(The WNYC Transportation Nation story has also been substantially reprised in this WNYC story: Yankees Parking Garages Driven to Brink of Financial Collapse, Thursday, May 19, 2011, WNYC, by Jim O'Grady.)
Defaulting Bonds
The bonds issued in connection with Yankee Stadium that are in jeopardy of possible default are $237 million in tax-exempt bonds that were issued to finance a 21-acre parking garage complex for the new stadium. The stadium was subsidized by the public in multiple ways, not just by these parking garage bonds; other subsidized bonds were issued for the stadium itself. At the moment it's just these parking garage bonds that are in danger of default and not the other bonds financing the stadium directly. Those stadium bonds are presumably OK for now (unlike the bonds issued around the same time to finance the stadium for the financially flailing Mets) but the financial difficulties associated with the garage bonds highlight how the city’s public officials made a number of fundamental miscalculations when handing out these subsidies.

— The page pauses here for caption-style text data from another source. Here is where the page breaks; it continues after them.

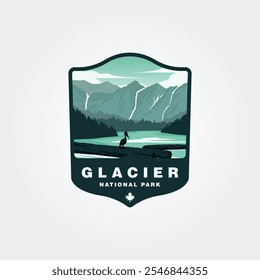 glacier national park vector patch with with a beautiful view of the lake and mountains in the background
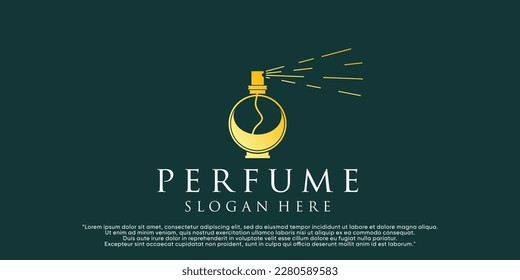 Vector minimalist simple bottle perfume logo with design unique Premium Vector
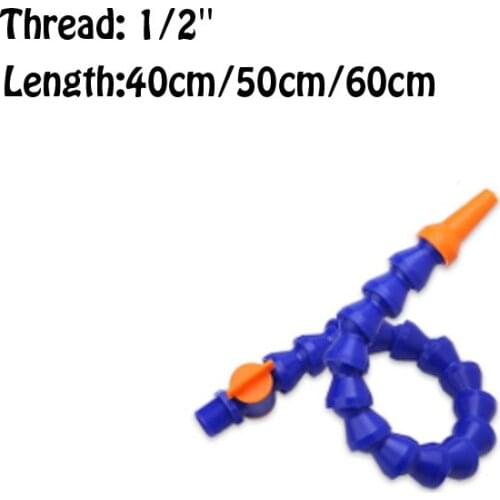 1/2'' 40/50/60cm Round Nozzle Plastic Flexible Water Oil Coolant Pipes Hoses For CNC Machine Lathe Milling Cooling Tube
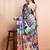 Black printed satin fashion saree with blouse piece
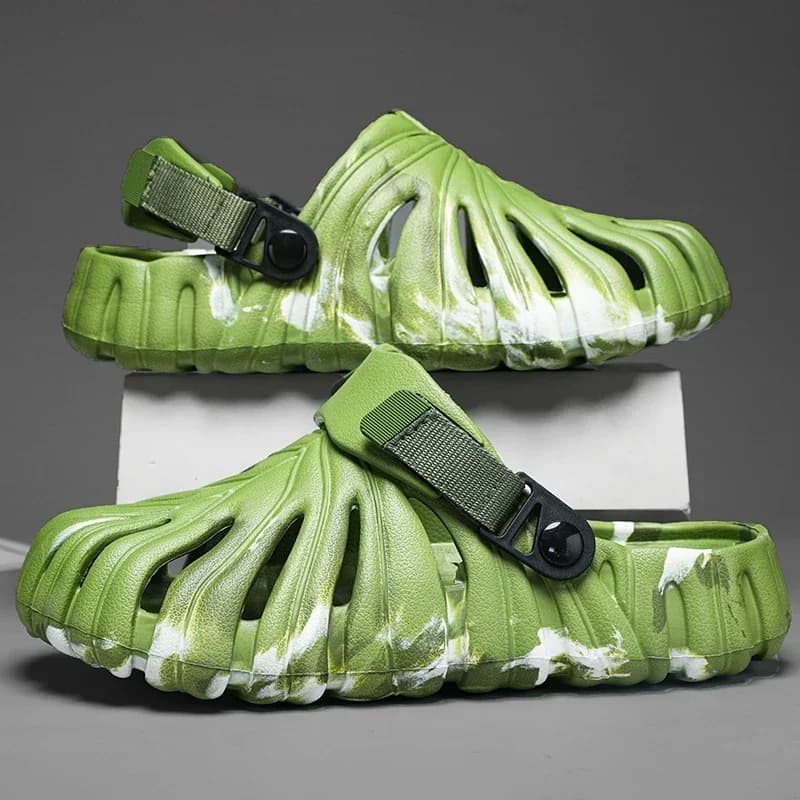 Women's Summer Slippers Men's Sandals With Mimetic Leaves Outdoor Creative Beach Shoes Lovers Casual Home Slides Mocassini Infradito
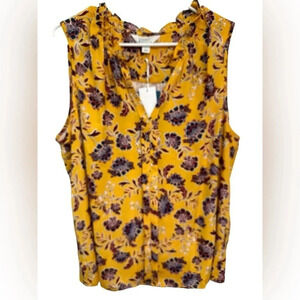 NWT Market Spruce XXL Tank Top Yellow Floral Mixed Material V-Neck Sleeveless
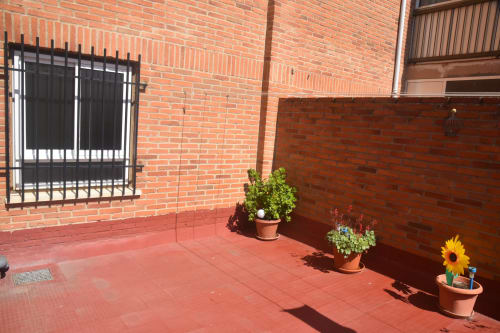 Sunny patio of Benavente apartment with potted plants, brick walls, and barred window
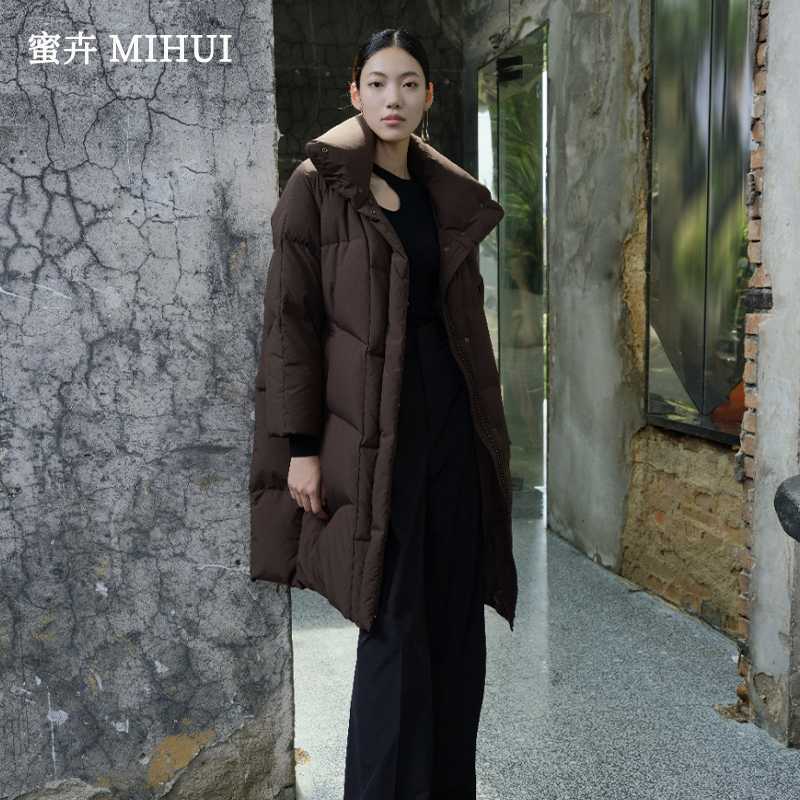 蜜卉(MIHUI)鹅绒服秋冬季中长款过膝新设计感韩版加厚外套羽绒服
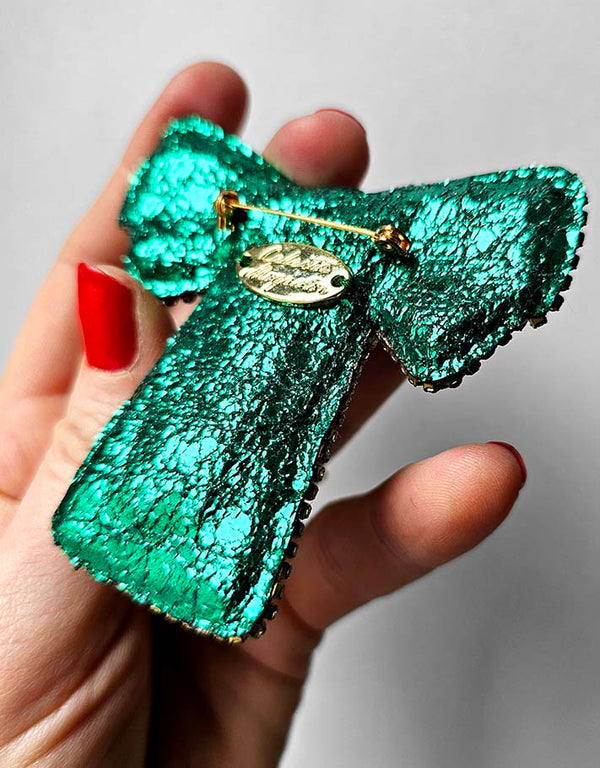 &quot;A pretty green &amp; purple bow &quot; brooch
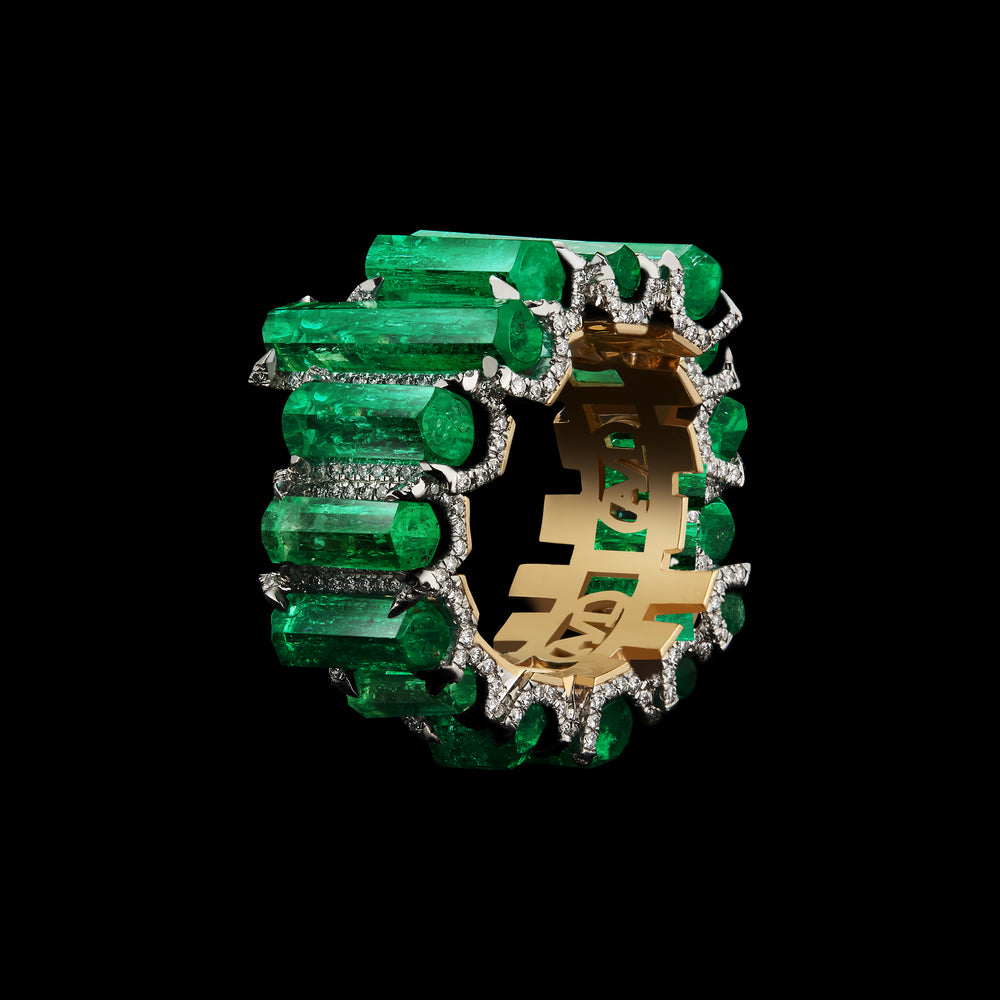 Natural Hexagon -Cut Emeralds & Diamonds Wide Eternity band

No Problem, Says Bloomberg
The Transportation Nation story includes information about Mayor Bloomberg cavalierly dismissing the screw-up:
Mayor Bloomberg says private bondholders, not taxpayers, will be on the hook if the Bronx Parking Development Company defaults on the bonds. On his weekly radio show, he shrugged off the Bronx Parking Development Company’s possible collapse.Notwithstanding Bloomberg’s blithe dismissal, defaults on municipal bonds that are issued and promoted by the city administration are bad. Bad for the city, not just for the bond holders who also get shafted when things go wrong after the city convinces them to buy their product. When bond holders get shafted by a New York issuance, how do you think they will feel about buying bonds the next time a New York issuance comes out? Especially when you have a top city official like the mayor dismissing their interests, sounding like the mistake was all on the part of the investors who bought what the city was selling.
“The city has no downside,” he said. “If they were to go bankrupt, it doesn’t hurt us. It wouldn’t be good for the project.”
And, by the way, as we will be discussing, there is a long list of additional downsides for the city.
Who’s Watching?
This default was on the Forbes radar screen as of last fall: Yankee Stadium Parking Garage Bonds Are Among Shaky Muni Bonds, Sep. 21 2010 as well as that of the Bond Buyer, Yankee Stadium Parking Garages on Track for Default on $238M of Debt, Tuesday, September 14, 2010, By Ted Phillips and Crain’s, Yankee Stadium parking strikes out: Bronx outfit faces default on bonds as fans park elsewhere and residents fume, by Hilary Potkewitz, March 13, 2011.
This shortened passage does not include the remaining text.